Image-caption web data:
● ● ●

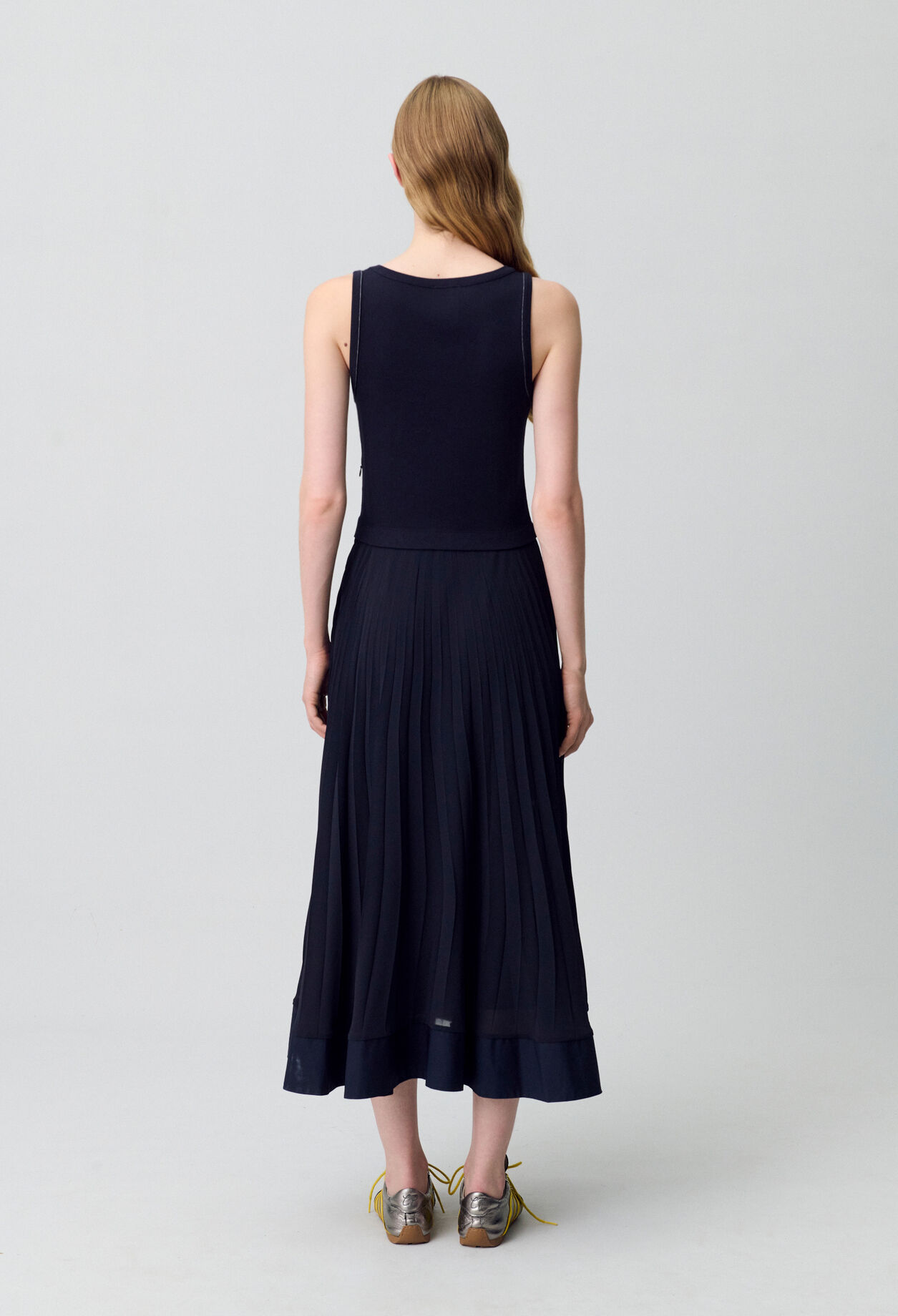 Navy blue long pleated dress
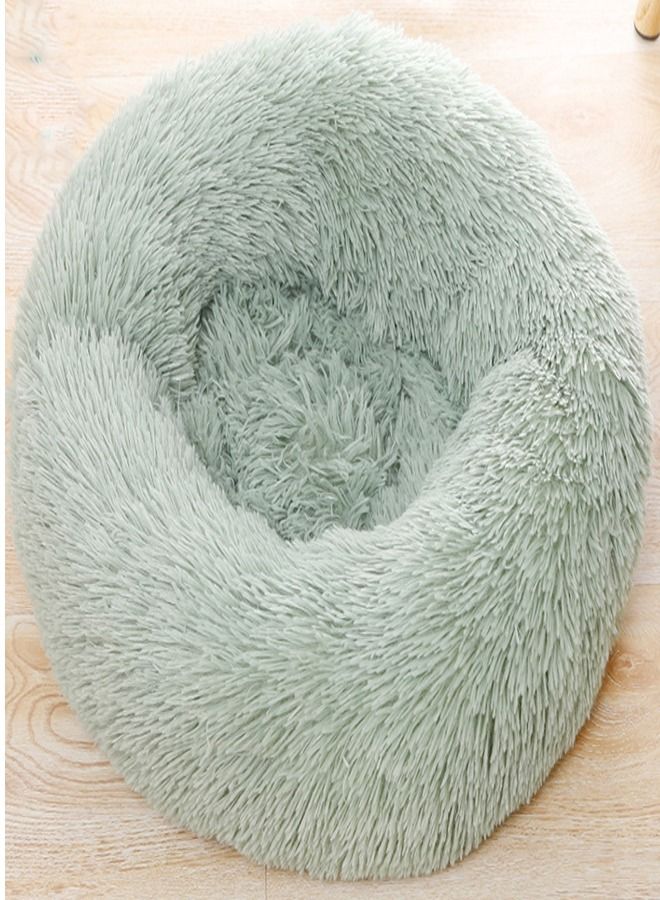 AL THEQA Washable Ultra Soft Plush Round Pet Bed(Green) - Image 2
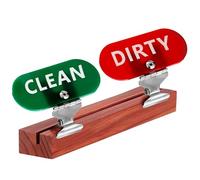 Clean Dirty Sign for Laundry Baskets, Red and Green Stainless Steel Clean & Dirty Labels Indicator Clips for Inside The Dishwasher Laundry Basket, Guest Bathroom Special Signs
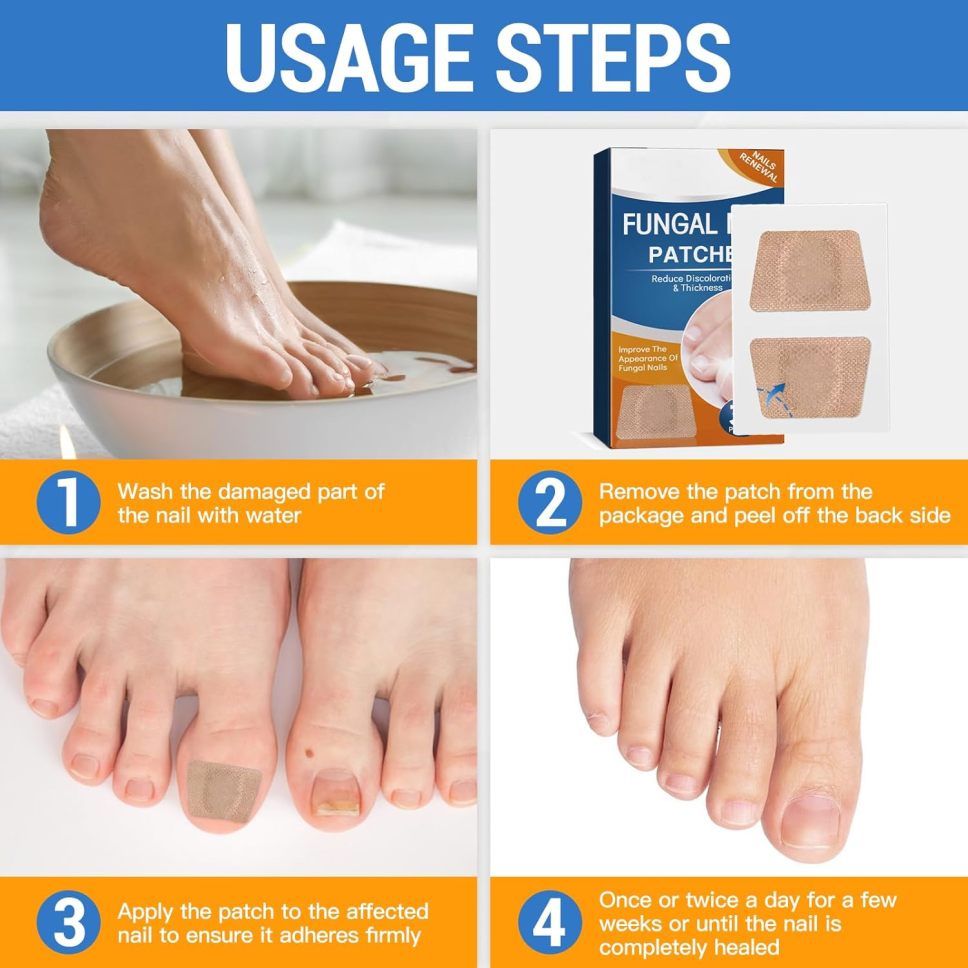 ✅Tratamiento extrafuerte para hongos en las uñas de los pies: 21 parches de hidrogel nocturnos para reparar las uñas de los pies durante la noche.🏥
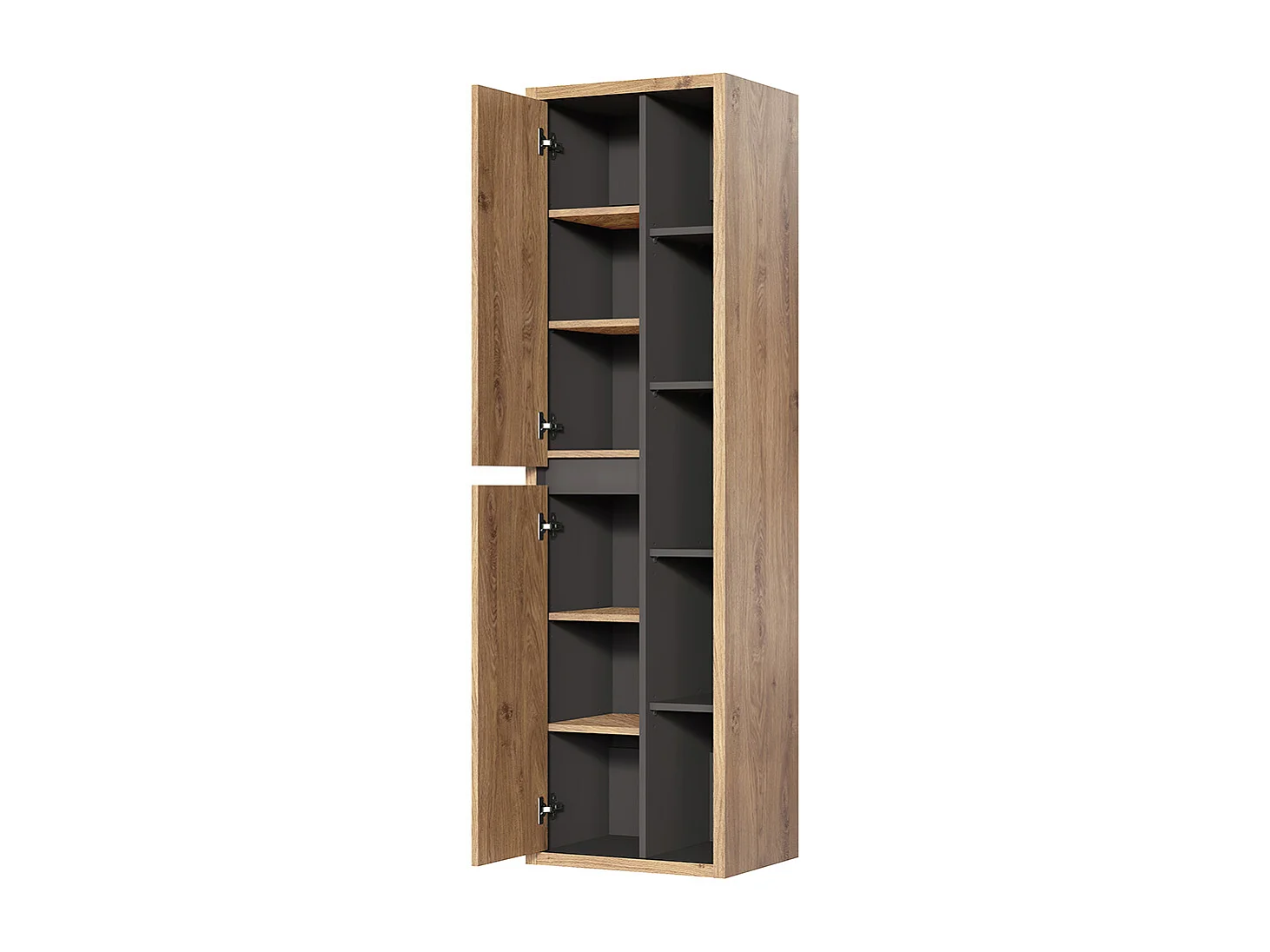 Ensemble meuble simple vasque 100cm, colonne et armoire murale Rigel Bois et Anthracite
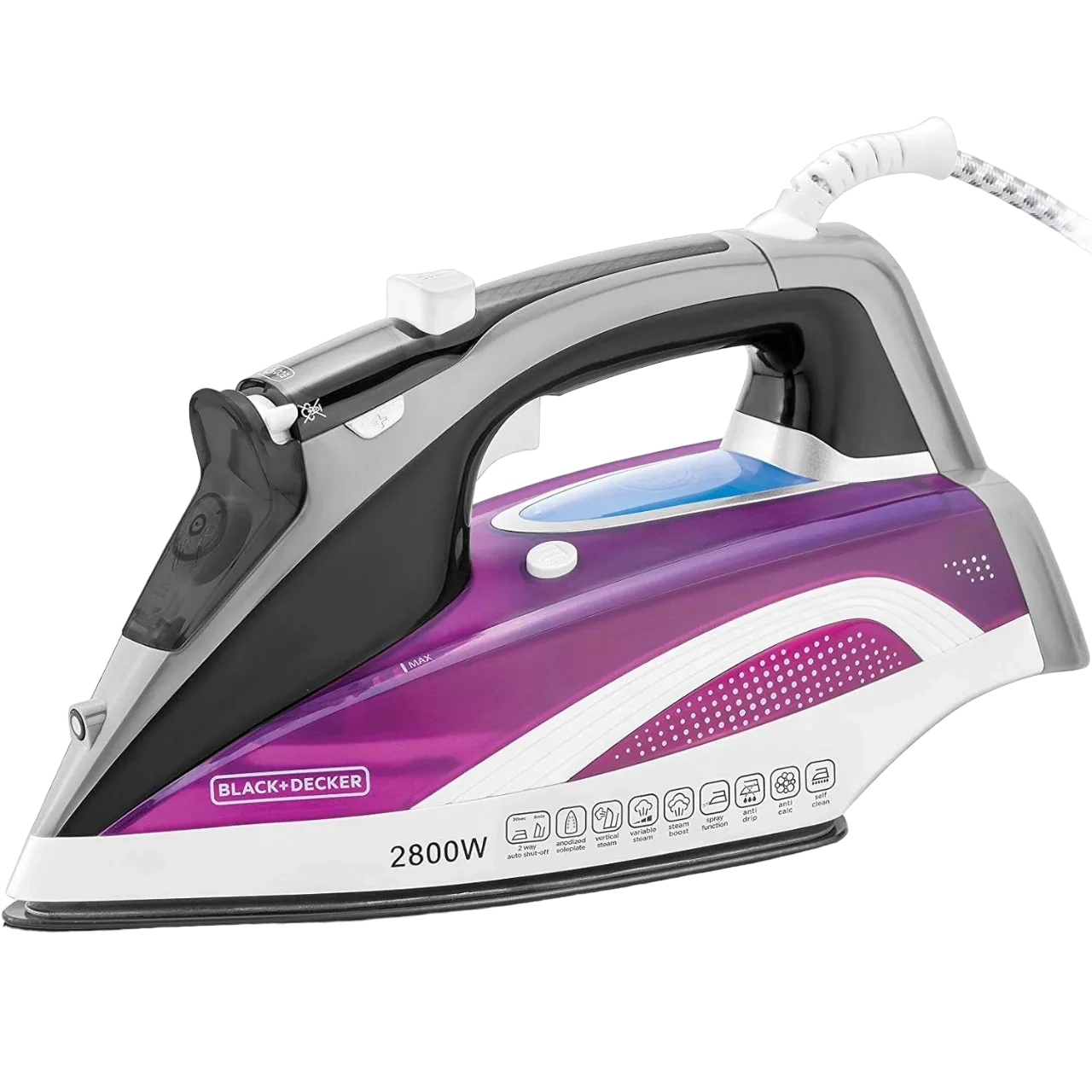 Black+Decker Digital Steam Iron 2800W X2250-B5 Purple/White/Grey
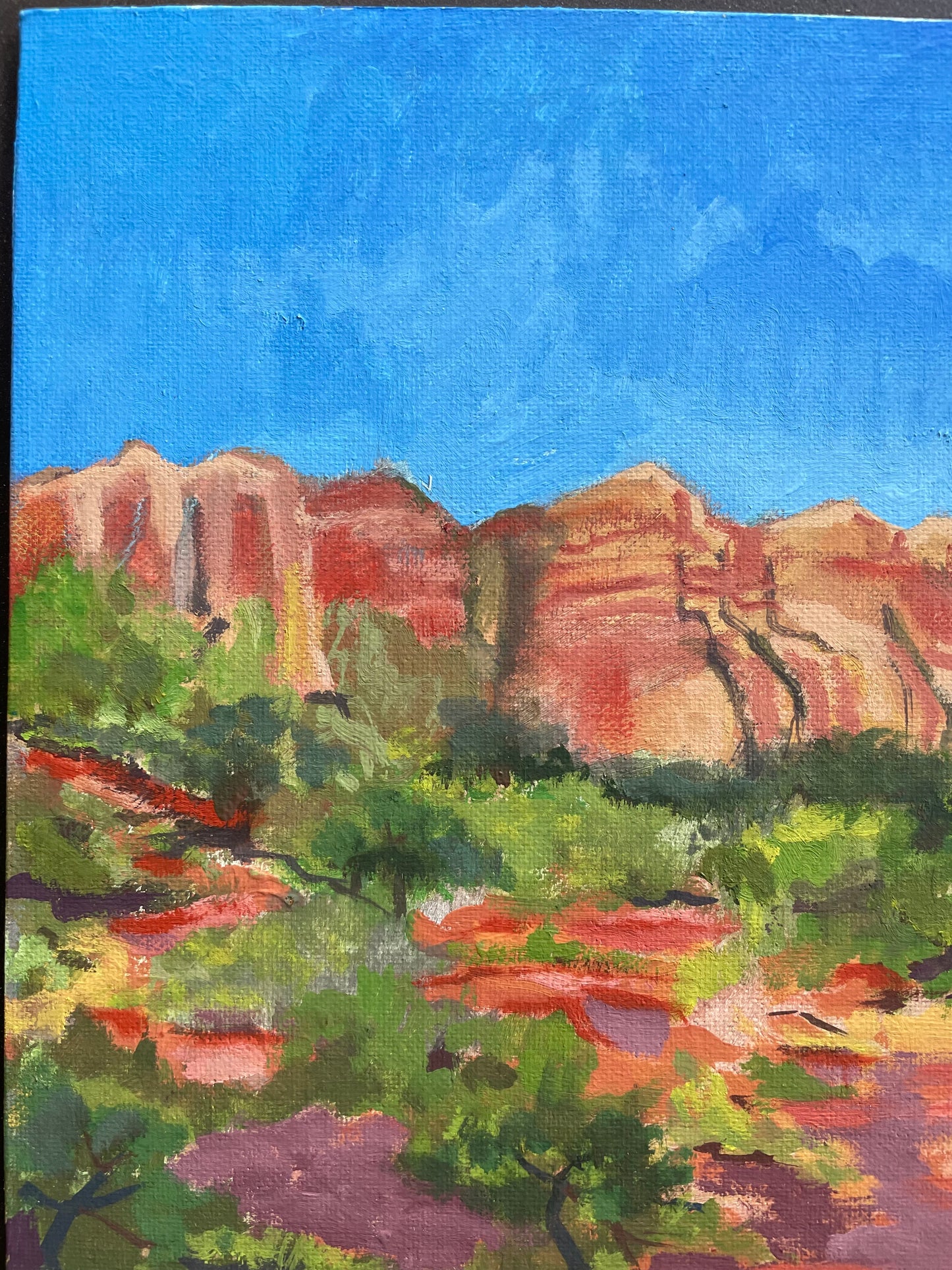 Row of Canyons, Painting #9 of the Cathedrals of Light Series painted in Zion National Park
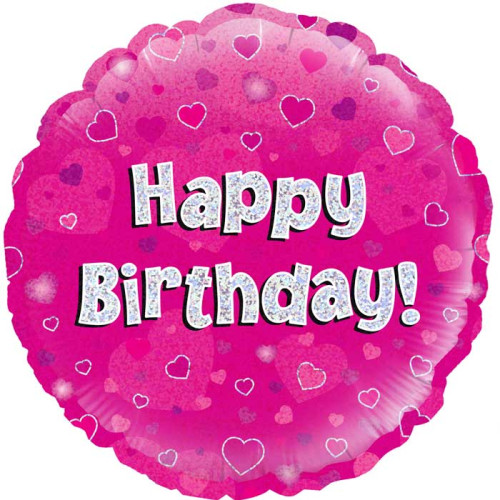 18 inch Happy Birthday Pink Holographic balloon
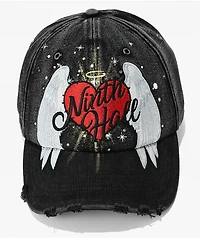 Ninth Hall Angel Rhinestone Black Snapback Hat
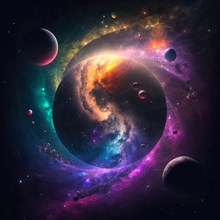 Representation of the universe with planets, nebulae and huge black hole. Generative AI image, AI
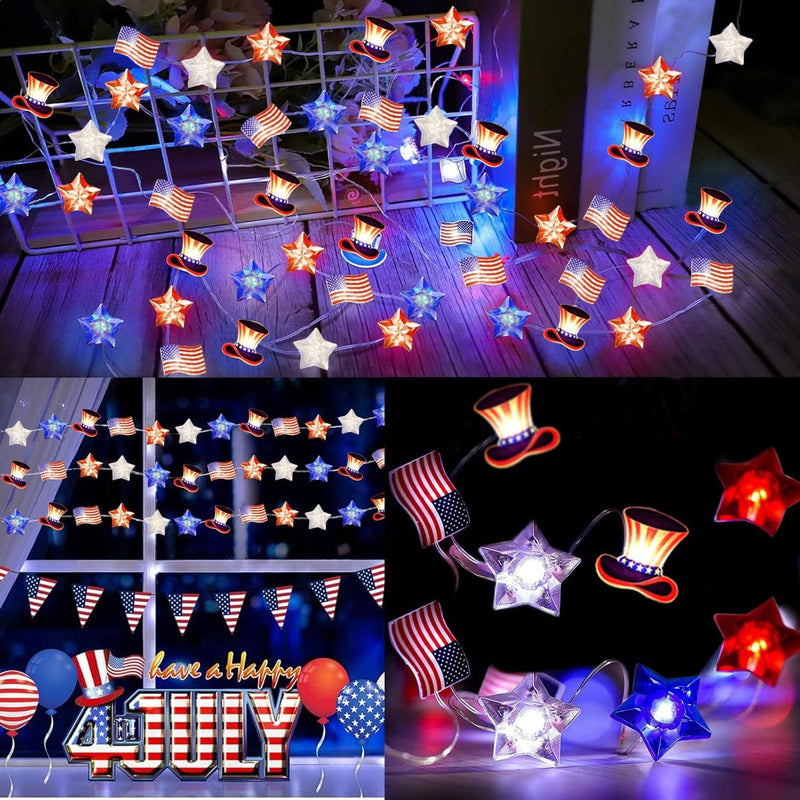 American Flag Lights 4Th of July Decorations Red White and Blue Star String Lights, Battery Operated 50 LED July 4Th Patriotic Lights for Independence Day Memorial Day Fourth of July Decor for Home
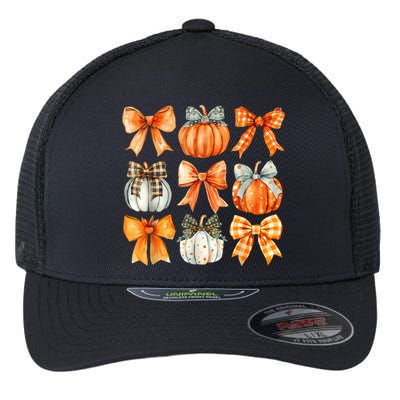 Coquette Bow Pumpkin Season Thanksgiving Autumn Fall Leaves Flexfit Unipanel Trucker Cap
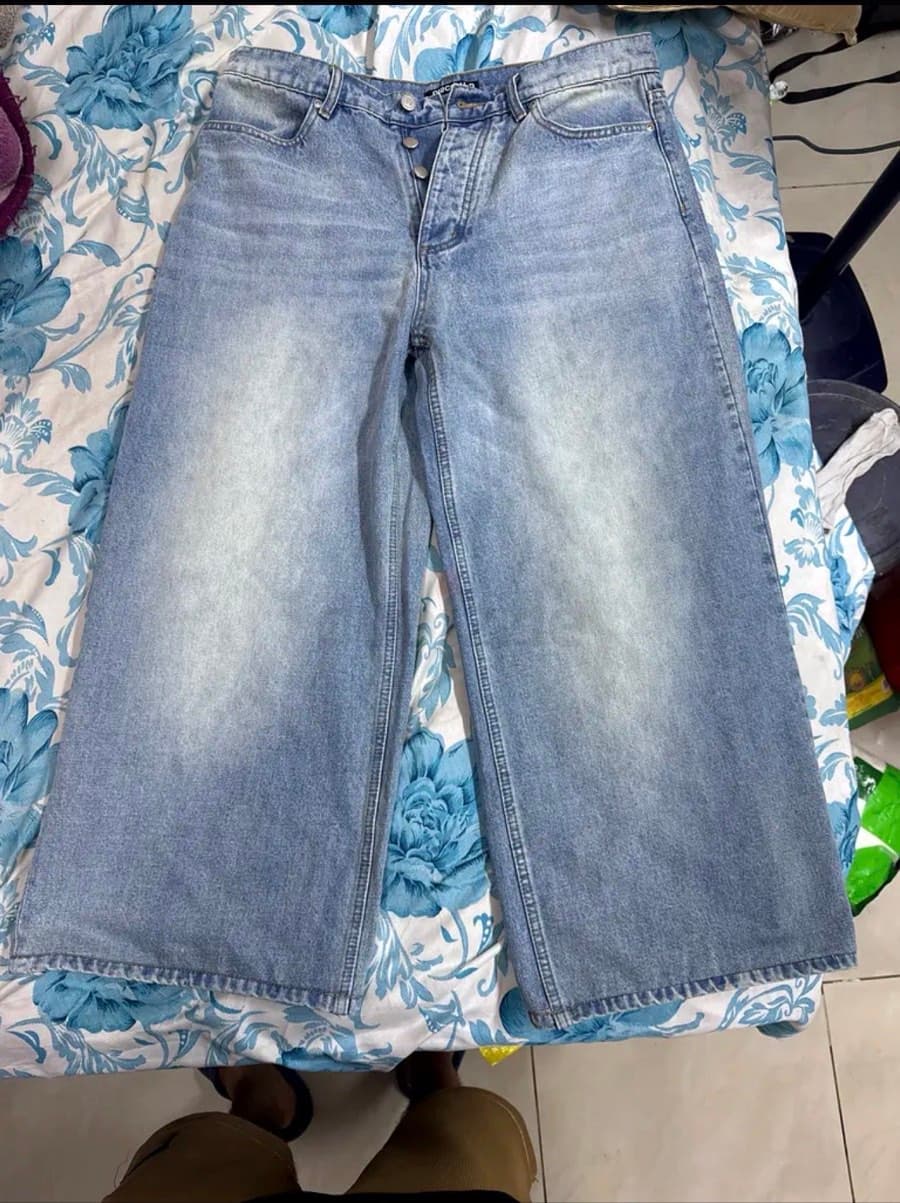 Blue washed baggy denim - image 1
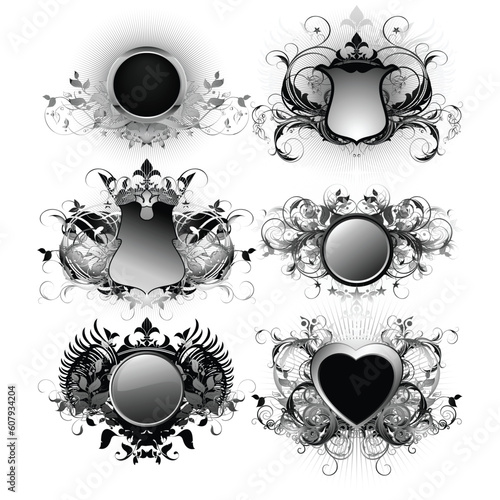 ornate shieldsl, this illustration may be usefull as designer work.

● ● ●

Instructions to follow: Set down exactly and only the lines from the line that contains "Black+Decker Digital Steam" through the last line of the entries above, with both of those lines included and the pictures left out.

Exercise output:
 Black+Decker Digital Steam Iron 2800W X2250-B5 Purple/White/Grey
 Row of Canyons, Painting #9 of the Cathedrals of Light Series painted in Zion National Park
 18 inch Happy Birthday Pink Holographic balloon
 Ninth Hall Angel Rhinestone Black Snapback Hat
 Representation of the universe with planets, nebulae and huge black hole. Generative AI image, AI
 American Flag Lights 4Th of July Decorations Red White and Blue Star String Lights, Battery Operated 50 LED July 4Th Patriotic Lights for Independence Day Memorial Day Fourth of July Decor for Home
 Coquette Bow Pumpkin Season Thanksgiving Autumn Fall Leaves Flexfit Unipanel Trucker Cap
 Blue washed baggy denim - image 1
 ornate shieldsl, this illustration may be usefull as designer work.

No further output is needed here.